Maximum recommended number of connections

Moh_Abed · May 24, 2020, 7:20am

Our system is multi-tenant and it has been running in production for a couple of years. We are re-evaluating current strategy to make sure it scales as we expect our number of tenants to increase drastically.

This is mainly for subscription to read model.

Options considered:
Option 1. Catch-up subscription per tenant (we do have an eventstore projection that will create a stream per tenant) and we do use one catch-up subscription per tenant - each will subscribe to the tenant’s stream. This is the current approach which is working fine with current number of tenants of 100. But this number could increase to thousands (potentially 10,000 soonish), our concern is the number of open connections/subscription. Is it safe to assume eventstore will handle this number of connections/subscriptions with no main performance impact? We prefer this approach as we can horizontally scale subscribers (we are using akka.net).

Option 2. One catch-up subscription for the entire app using one connection to eventstore, but that means we need to push the events in a scalable way instead of processing all events of all tenants in one place. Potentially in that option we might need to use some sort of bus/queue to push each event to it’s relevant queue/topic and fan out to different subscribers.

Note that this is regarding running the read model handlers so we need to guarantee message orders.

What is your recommendations / thoughts?

steven.blair · May 24, 2020, 9:33am

We have a similar setup (although no where near as many tenants as you) and we have a couple differences to our setup.

Not all our tenants reside in one Eventstore. We don’t really have cross tenant domain rules, so nothing really forcing us having the data in the same place.
We have grouped a lot of our read models on the same server, so we can mass deliver from one persistent subscription to a single endpoint, and then write to whatever database we need to (based on information in the event)

Just as a side question. Why do you use catchup susbcription over persistent subscription? Just curious. For us, the parked queues are essentual for our event delivery.

Moh_Abed · May 24, 2020, 11:10am

Thanks …
We are using Catch-up subscription to guarantee the message order.

We don’t have cross tenant domain rules, and we thought to run multiple Eventstores but the cost of running and operating will be increased, We wished if Eventstore have the notion of multiple “databases” to handle multiple tenants in a better way.

We are using one subscription per tenant to be able to better handle large number of tenants/events and scale horizontally. Also we don’t want to throttle/consume the main (one) subscription if there are tenants with very heavy load.

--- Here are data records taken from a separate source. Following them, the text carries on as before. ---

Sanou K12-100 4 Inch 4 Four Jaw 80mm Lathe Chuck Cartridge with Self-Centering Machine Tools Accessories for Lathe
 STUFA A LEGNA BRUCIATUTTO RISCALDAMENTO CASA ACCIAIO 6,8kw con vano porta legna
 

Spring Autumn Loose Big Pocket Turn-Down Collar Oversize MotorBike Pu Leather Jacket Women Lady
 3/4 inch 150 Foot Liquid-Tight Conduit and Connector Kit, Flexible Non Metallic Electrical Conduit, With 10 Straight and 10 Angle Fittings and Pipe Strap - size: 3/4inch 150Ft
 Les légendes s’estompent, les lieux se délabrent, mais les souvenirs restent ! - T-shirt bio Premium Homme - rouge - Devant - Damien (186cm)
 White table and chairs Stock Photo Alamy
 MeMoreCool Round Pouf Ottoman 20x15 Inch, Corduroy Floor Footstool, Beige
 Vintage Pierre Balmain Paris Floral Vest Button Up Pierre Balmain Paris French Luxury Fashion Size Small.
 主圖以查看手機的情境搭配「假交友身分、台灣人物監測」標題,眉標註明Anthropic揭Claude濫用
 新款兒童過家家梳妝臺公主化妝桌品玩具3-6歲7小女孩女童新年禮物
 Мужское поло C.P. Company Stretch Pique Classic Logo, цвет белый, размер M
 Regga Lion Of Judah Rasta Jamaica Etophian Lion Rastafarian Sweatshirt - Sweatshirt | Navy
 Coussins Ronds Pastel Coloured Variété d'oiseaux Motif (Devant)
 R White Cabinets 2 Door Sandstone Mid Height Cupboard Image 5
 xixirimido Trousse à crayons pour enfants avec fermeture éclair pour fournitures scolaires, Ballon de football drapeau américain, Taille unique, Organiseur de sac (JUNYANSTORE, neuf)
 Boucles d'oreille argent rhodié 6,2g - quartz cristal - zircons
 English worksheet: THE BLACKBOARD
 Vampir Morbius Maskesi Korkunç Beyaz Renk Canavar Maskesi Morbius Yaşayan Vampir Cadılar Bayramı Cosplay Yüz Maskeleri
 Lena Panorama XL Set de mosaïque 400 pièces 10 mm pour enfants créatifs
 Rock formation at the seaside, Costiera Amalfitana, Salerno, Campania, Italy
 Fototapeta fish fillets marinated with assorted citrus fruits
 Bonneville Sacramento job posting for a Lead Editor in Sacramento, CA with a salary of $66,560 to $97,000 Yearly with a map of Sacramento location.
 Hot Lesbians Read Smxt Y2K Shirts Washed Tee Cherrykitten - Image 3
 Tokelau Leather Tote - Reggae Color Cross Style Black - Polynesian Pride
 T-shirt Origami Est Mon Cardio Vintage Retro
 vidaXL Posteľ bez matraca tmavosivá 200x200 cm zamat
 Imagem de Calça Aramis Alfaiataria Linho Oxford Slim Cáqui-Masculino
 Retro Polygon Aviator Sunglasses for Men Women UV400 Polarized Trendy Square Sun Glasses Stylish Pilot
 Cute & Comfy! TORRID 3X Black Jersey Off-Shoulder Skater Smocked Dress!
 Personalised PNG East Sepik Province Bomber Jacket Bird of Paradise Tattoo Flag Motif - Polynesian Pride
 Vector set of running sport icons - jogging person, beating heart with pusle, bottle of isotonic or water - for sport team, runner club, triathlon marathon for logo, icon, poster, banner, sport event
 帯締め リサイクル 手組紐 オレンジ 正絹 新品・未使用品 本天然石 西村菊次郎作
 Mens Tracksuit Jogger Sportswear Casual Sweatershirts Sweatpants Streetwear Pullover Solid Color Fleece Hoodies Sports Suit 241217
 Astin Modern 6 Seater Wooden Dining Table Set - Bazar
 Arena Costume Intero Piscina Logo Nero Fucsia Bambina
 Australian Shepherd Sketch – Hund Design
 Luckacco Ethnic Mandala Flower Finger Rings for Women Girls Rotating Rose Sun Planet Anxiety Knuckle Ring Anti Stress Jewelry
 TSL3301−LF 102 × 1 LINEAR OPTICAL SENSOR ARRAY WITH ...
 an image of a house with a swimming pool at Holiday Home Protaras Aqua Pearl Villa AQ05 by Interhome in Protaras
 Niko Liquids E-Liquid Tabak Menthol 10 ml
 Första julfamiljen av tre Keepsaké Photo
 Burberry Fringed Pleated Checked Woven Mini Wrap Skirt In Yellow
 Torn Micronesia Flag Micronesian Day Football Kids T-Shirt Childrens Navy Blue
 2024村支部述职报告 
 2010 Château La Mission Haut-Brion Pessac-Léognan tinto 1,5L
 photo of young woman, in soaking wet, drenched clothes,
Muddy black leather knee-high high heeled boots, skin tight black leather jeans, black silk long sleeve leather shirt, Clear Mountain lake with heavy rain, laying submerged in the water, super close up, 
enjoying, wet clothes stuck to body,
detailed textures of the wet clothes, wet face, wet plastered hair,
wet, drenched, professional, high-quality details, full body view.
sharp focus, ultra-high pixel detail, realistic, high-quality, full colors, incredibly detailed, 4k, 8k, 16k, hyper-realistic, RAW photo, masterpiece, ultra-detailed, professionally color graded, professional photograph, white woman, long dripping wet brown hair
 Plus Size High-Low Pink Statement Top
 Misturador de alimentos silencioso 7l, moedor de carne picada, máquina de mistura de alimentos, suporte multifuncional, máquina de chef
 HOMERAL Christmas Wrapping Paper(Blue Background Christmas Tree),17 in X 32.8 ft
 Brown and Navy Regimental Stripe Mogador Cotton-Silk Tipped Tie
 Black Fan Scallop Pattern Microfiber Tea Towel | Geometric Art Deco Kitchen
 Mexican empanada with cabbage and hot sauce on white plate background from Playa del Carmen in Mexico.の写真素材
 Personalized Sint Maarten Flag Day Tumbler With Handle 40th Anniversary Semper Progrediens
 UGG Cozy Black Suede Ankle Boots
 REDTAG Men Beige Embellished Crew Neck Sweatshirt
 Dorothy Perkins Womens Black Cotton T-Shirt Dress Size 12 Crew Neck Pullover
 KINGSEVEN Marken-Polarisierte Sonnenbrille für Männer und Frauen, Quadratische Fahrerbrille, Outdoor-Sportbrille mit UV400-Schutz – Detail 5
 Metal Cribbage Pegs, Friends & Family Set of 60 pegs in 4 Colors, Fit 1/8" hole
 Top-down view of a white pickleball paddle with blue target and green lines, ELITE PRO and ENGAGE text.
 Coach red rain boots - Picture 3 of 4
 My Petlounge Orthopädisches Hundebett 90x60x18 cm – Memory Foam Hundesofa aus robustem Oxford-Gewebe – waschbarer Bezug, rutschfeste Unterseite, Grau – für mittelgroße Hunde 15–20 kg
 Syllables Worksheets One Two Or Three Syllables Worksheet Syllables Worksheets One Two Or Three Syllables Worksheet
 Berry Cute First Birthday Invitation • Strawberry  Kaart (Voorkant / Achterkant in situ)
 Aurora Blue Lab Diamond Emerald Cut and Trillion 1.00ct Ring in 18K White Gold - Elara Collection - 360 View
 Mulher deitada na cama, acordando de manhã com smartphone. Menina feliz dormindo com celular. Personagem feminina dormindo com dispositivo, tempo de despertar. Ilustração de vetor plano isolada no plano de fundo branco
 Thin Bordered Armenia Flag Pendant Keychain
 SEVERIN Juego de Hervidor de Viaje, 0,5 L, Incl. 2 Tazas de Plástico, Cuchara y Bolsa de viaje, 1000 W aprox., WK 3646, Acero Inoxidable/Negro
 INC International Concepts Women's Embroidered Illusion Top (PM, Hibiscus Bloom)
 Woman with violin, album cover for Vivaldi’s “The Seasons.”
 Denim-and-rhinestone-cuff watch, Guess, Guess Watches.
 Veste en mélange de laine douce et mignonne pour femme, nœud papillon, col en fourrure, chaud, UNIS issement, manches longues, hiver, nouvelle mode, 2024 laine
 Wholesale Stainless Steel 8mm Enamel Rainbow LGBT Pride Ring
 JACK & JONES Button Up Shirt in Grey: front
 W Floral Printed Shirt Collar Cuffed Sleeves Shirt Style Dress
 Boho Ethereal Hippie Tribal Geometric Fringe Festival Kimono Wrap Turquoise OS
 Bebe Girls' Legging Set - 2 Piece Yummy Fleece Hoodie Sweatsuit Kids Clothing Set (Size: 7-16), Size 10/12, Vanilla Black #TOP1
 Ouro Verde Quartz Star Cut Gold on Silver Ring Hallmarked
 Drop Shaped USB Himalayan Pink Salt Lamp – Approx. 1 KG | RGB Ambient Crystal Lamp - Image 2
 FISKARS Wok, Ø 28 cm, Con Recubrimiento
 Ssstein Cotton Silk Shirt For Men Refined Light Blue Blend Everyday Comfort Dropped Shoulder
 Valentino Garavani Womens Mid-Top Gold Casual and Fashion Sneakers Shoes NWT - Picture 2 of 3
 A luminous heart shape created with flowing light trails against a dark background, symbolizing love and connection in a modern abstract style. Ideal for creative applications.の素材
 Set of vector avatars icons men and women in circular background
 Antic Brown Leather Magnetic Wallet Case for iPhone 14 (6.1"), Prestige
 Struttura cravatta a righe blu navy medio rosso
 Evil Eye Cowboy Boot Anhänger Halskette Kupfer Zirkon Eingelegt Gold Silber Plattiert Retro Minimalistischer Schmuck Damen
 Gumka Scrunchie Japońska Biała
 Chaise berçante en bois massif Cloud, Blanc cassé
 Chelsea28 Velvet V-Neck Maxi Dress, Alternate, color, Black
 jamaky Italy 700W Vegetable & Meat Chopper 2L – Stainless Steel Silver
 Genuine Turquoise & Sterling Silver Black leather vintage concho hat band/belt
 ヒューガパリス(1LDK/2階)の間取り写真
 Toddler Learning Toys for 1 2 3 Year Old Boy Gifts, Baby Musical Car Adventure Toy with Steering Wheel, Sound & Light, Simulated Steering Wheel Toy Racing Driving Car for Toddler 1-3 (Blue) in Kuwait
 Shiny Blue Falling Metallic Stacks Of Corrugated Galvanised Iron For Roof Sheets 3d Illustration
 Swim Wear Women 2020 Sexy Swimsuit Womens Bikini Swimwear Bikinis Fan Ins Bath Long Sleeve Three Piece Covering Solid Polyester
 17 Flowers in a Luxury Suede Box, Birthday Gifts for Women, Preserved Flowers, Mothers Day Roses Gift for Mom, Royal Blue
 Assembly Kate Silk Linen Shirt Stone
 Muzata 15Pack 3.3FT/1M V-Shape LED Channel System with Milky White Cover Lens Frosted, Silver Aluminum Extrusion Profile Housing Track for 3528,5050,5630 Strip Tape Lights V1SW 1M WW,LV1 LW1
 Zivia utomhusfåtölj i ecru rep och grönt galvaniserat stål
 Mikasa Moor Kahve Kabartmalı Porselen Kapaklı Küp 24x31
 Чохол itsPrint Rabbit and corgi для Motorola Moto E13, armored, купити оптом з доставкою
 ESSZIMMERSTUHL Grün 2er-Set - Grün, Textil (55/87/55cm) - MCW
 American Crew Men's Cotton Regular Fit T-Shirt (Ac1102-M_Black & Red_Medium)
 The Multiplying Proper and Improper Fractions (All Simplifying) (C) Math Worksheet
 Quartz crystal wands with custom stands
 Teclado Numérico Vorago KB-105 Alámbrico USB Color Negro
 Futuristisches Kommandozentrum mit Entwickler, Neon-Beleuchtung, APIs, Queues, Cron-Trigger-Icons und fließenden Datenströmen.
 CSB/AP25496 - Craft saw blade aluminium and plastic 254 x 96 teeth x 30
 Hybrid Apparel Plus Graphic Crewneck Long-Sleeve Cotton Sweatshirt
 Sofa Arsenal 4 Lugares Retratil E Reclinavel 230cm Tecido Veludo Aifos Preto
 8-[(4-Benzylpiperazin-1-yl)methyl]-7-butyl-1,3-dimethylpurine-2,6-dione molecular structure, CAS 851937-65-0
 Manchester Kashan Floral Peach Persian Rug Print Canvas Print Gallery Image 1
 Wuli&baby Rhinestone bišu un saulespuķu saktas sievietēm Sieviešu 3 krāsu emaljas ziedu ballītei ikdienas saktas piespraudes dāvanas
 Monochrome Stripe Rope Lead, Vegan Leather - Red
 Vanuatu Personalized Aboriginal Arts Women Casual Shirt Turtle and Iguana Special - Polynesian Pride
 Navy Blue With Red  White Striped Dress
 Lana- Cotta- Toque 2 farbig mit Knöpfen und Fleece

Peter_Hageus · May 25, 2020, 12:53pm

“Just as a side question. Why do you use catchup susbcription over persistent subscription? Just curious. For us, the parked queues are essentual for our event delivery.”

Replays?

steven.blair · May 25, 2020, 12:56pm

Do you mean replaying the whole stream?
The Persistent Subscription gives us a parked queue that we can easily replayed when we fixed the problem.
I don’t think you can do this with catchups, and the order isn’t a big problem for us.

Peter_Hageus · May 25, 2020, 1:07pm

No, I meant dropping the readmodel and replaying it from scratch. Pretty common with bigger updates etc.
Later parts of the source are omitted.